STORED DATA Block Start
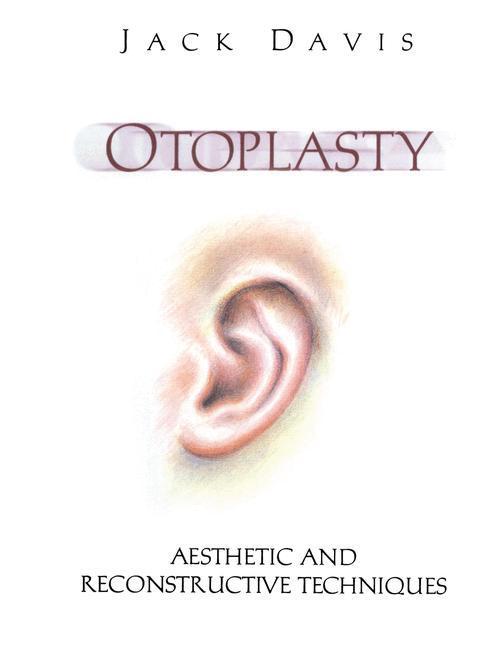 Beispielinhalt (Bild) Otoplasty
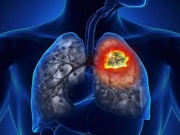 Vì sao ung thư phổi có tỷ lệ tử vong cao?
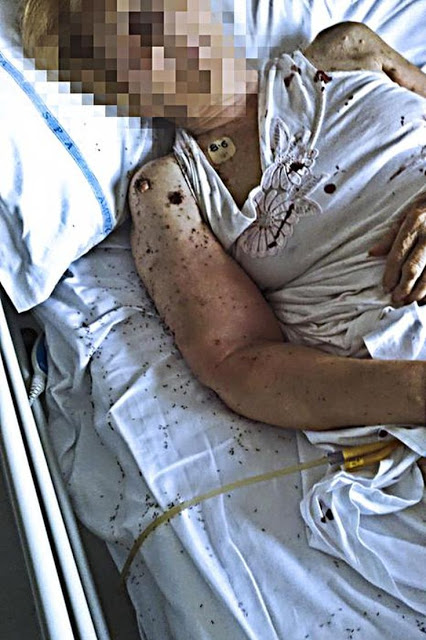 Εικόνες φρίκης: Ηλικιωμένη γεμάτη μυρμήγκια εγκαταλείφθηκε σε νοσοκομείο - Τι λέει ο διευθυντής του νοσοκομείου - Φωτογραφία 2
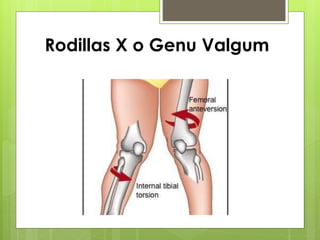 Rodillas X o Genu Valgum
STORED DATA Block End
◆ **TO DO**:
Send back the data above verbatim, leaving out its pictures.

◆ **TASK RESPONSE**:
 Beispielinhalt (Bild) Otoplasty
 Vì sao ung thư phổi có tỷ lệ tử vong cao?
 Εικόνες φρίκης: Ηλικιωμένη γεμάτη μυρμήγκια εγκαταλείφθηκε σε νοσοκομείο - Τι λέει ο διευθυντής του νοσοκομείου - Φωτογραφία 2
 Rodillas X o Genu Valgum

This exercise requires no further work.